You need to breathe bilaterally

Nuh-uh! I only breathe to my right, and I do fine.”

If you don’t breathe to both sides, you’ll go slower

Then why are so many Olympic swimmers breathing every two strokes, even in races as short as 100 meters? Huh?

The arguments for unilateral and bilateral breathing in swimming will continue. There will be multitudes of proponents for each view, many on each side with numerous swimming and triathlon successes to their names, and many on each side with a devotion to their view bordering on fanaticism. I admit I have my opinion as well. The one place I suppose I am a bit more ‘flexible’ is in my view that both can be effective, with a variety of contributing factors, such as the person, the distance, the body of water, the amount of training, the athlete’s swimming history, environmental factors, as well as others that I am not thinking of now.
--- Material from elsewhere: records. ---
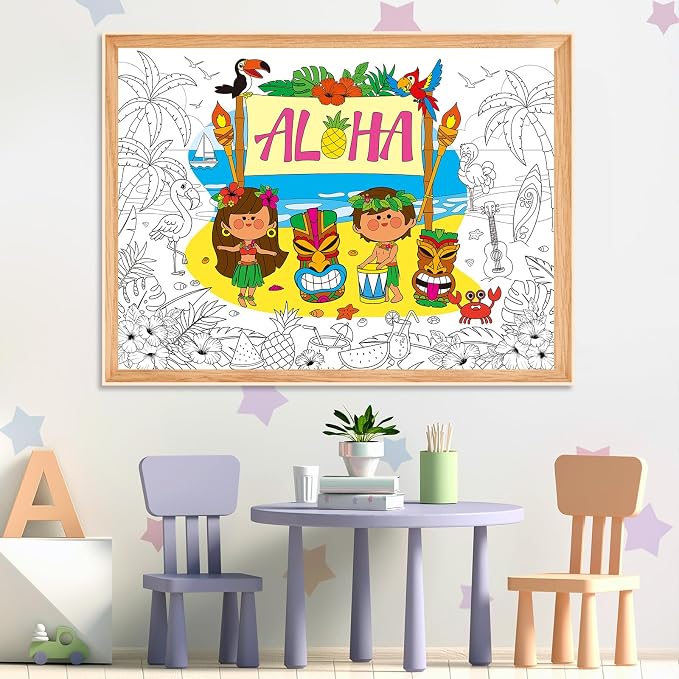 ZOIIWA Hawaiian Aloha Giant Coloring Poster Large Summer Coloring Sheet Big Luau Tropical Table Cloth Jumbo Books Page for Home Craft Activity Game Birthday Party Decoration Supplies 31.5 x 43.3 Inch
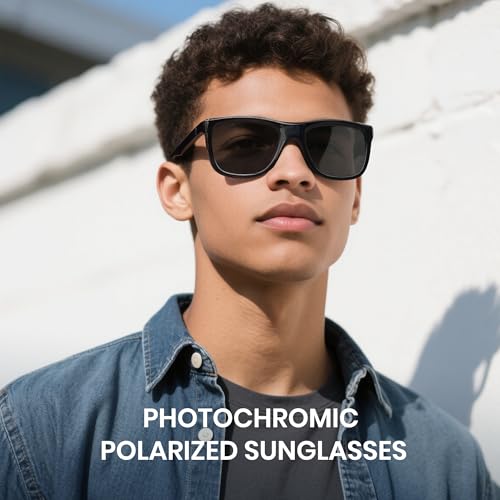 Cyxus 0.1 Seconds Smart Photochromic Sunglasses Men Women Polarized Sunglasses UV Protection with Blue Light Blocking P13002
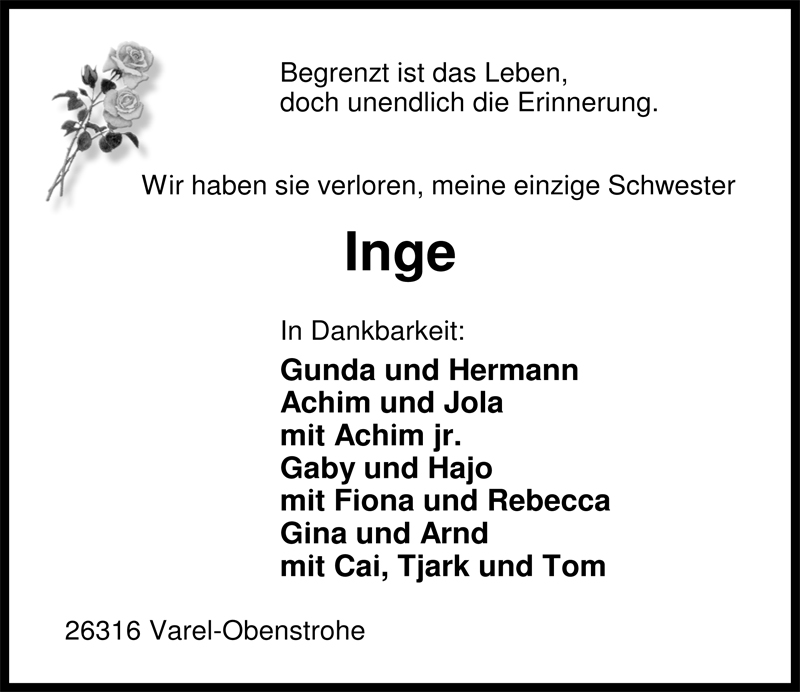  Traueranzeige für Inge Fehners vom 13.07.2009 aus Nordwest-Zeitung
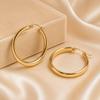 European Simple Oval Gold Hoop Earrings - Stainless Steel, Versatile Dangle Jewelry.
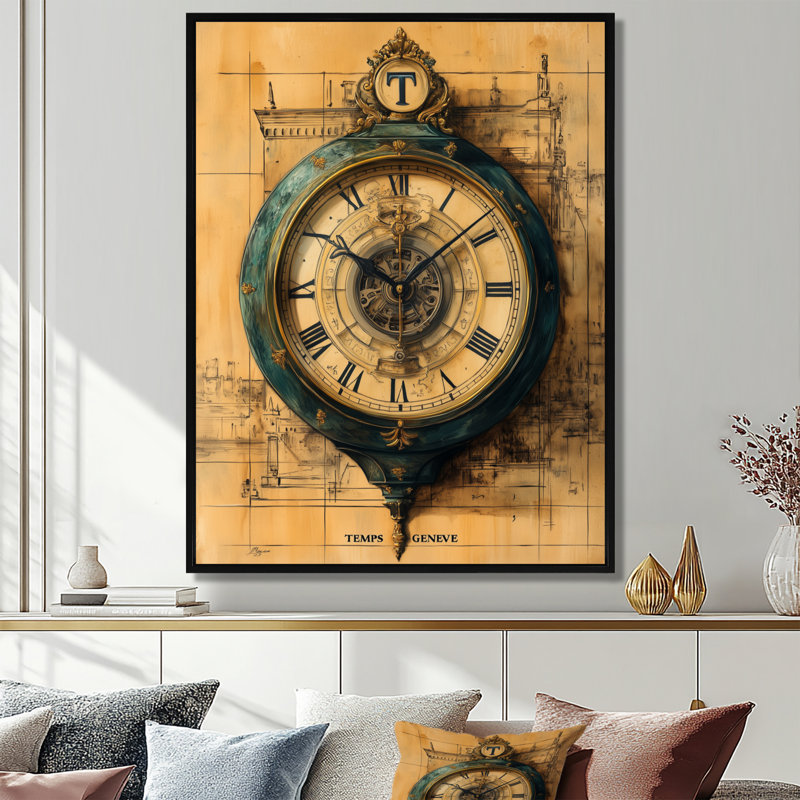 Horloge de Genève ancienne - Tableau vintage sur toile, H 32 po x l 24 po, Cadre flottant noir
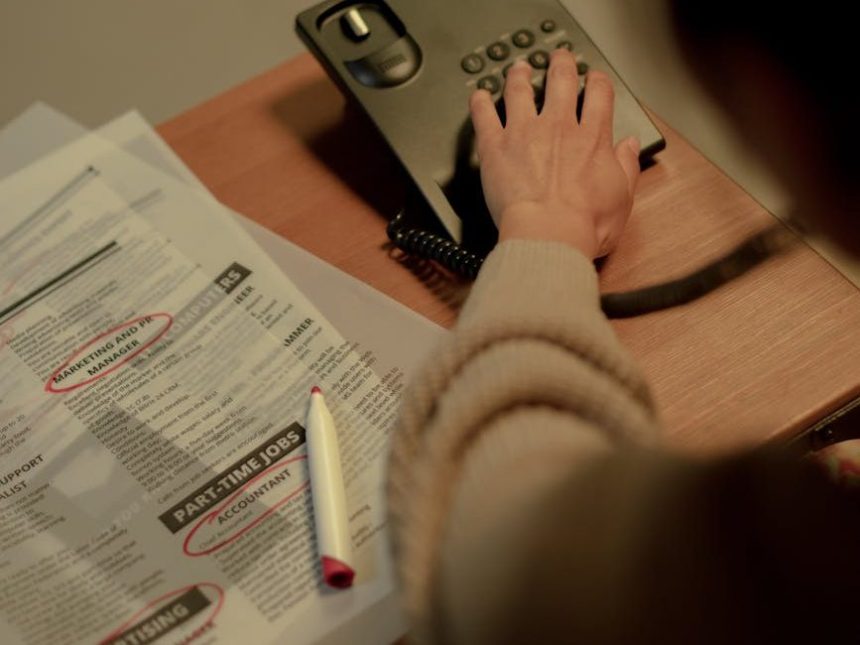 rear view on woman choosing number on phone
For the record, generally, I do breathe on each stroke to my right. I have done this for most of my life, and my stroke has developed such that I can close my eyes and swim straight down the black line in a pool without a waver while breathing to my right. Ask me to do it while breathing bilaterally, and I will be in the left lane line in ten or fifteen yards. Could I fix that? Yes. Should I try to fix it? Probably. Will I ever actually work to fix it? Doubtful. I feel comfortable in the belief that, particularly in a distance event, any reduced speed or efficiency from breathing “too often” or only to one side, is more than made up for in my increased intake of oxygen.

Triathlon is NOT an event you want to start off by trying to hold your breath (IMHO). However, please notice that I did say “generally, breathe to my right”. As in ‘not always’. As in, it is, I believe, still critical that you know how to, and can be comfortable with, breathing to both sides.